On any brand, if the auto shut off valve (pressure valve) gets stuck, they can become a bomb. 
A good strong tank can stop a weak compressor when the pressure gets high.


----------



## MajorAssman (Jul 13, 2016)

This is the compressor we use. It takes oil. 
https://www.grainger.com/product/SPEEDAIRE-1-Phase-Vertical-Tank-Mounted-35WC47


----------



## allpurpose (Mar 24, 2016)

I have a bunch of Sears stuff, but their oilless is not and never will be one of them. My first compressor was a 60 gallon oilless. I was painting an almost new at the time Toyota camry and the basecoat alone cost over $200 back in 1994 I think.. Anyway, base went on beautiful and 2 coats of clear.

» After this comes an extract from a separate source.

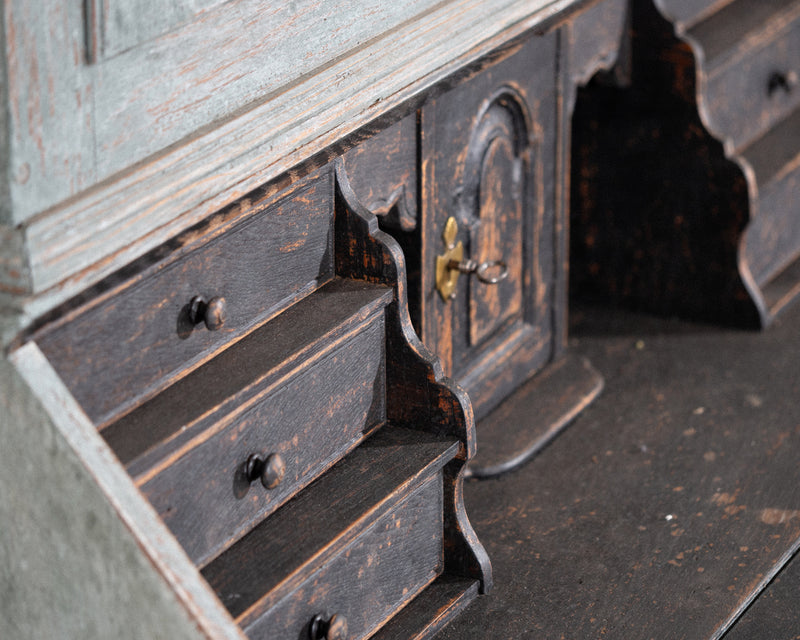 Beautiful bureau with carvings, 18th C. - Selected Design & Antiques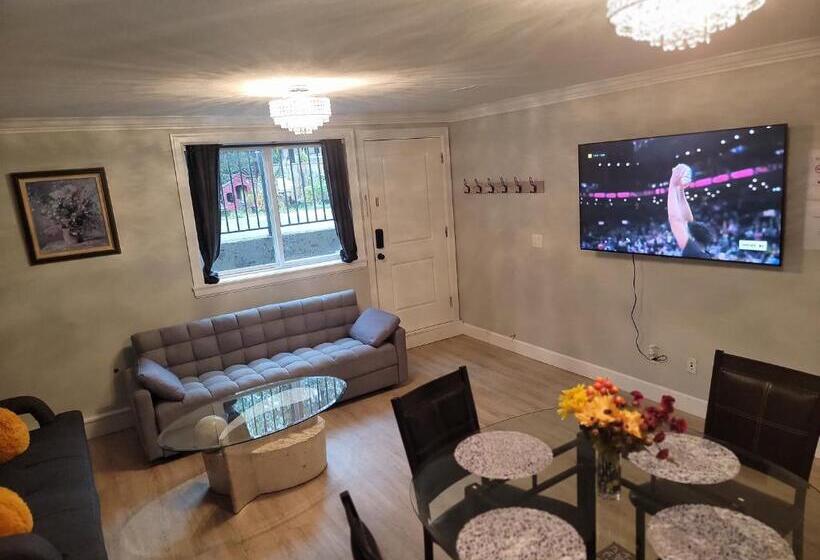 Family Suite, Oscar Inn & 2bd Family Suite Or Private Room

I was putting on 3 at the time. That compressor died half way through the last coat and Sears service guy tried to pin the fault on me because I had removed the filter after it stopped and tried to tell me I had been painting without the filter. It took me about 4 hours of arguing with sears over it and eventually got my money back for the compressor. Funny thing is I paid cash for the compressor and had to wait 3 months for Sears to mail a refund check. 
So I bought a Sanborn very quiet oil type compressor and never had the first problem with it. That old Sanborn was fantastic and could keep up with every cut off wheel and sander I had at the time . The Sears barely kept up with any tools. 
Now I have an 8 gallon HF deal. It's not too bad, but much louder than my old Sanborn.
Anyway, I was going to suggest an extension pipe under the compressor that sticks out about a foot from the bottom and paint it some bright color to serve as a reminder to drain regularly. If you have just a small draincock under the compressor chances are it's out of sight, out of mind. An extension pipe is more visible and easier to get to. 
I won't do it with the cheap HF, but if I had a 60-80 tank I definitely would think about the extension.


----------



## luke duke (Feb 8, 2012)

Control Devices Brass Cable Operated Drain Valve, 1/4" Male NPT https://www.amazon.com/dp/B0081TJ04O/

Automatic Electronic Timed Air Tank Water Moisture Drain Valve for Compressor https://www.amazon.com/dp/B00XVPVHZI/

Van Air Systems 39-10507 Automatic Tank Drain for Air Compressors, 115V AC, Dual Inlet 1/2" and 1/4", Y-Strainer, Test Mode, Isolation Valve, 3/8" Hose Barb Fitting, 6' Power Cord https://www.amazon.com/dp/B00S89W2KQ/


----------



## allpurpose (Mar 24, 2016)

luke duke said:


> Control Devices Brass Cable Operated Drain Valve, 1/4" Male NPT https://www.amazon.com/dp/B0081TJ04O/
> 
> Automatic Electronic Timed Air Tank Water Moisture Drain Valve for Compressor https://www.amazon.com/dp/B00XVPVHZI/
> 
> Van Air Systems 39-10507 Automatic Tank Drain for Air Compressors, 115V AC, Dual Inlet 1/2" and 1/4", Y-Strainer, Test Mode, Isolation Valve, 3/8" Hose Barb Fitting, 6' Power Cord https://www.amazon.com/dp/B00S89W2KQ/


Now you're just taking the fun out of being forgetful and letting your expensive equipment go to hell.. if and when I get a larger compressor I guess I'll just have to be no fun anymore..


----------



## Steve Neul (Sep 2, 2011)

allpurpose said:


> I have a bunch of Sears stuff, but their oilless is not and never will be one of them. My first compressor was a 60 gallon oilless. I was painting an almost new at the time Toyota camry and the basecoat alone cost over $200 back in 1994 I think.. Anyway, base went on beautiful and 2 coats of clear. I was putting on 3 at the time. That compressor died half way through the last coat and Sears service guy tried to pin the fault on me because I had removed the filter after it stopped and tried to tell me I had been painting without the filter. It took me about 4 hours of arguing with sears over it and eventually got my money back for the compressor. Funny thing is I paid cash for the compressor and had to wait 3 months for Sears to mail a refund check.
> So I bought a Sanborn very quiet oil type compressor and never had the first problem with it. That old Sanborn was fantastic and could keep up with every cut off wheel and sander I had at the time . The Sears barely kept up with any tools.
> Now I have an 8 gallon HF deal. It's not too bad, but much louder than my old Sanborn.
> Anyway, I was going to suggest an extension pipe under the compressor that sticks out about a foot from the bottom and paint it some bright color to serve as a reminder to drain regularly. If you have just a small draincock under the compressor chances are it's out of sight, out of mind. An extension pipe is more visible and easier to get to.
> I won't do it with the cheap HF, but if I had a 60-80 tank I definitely would think about the extension.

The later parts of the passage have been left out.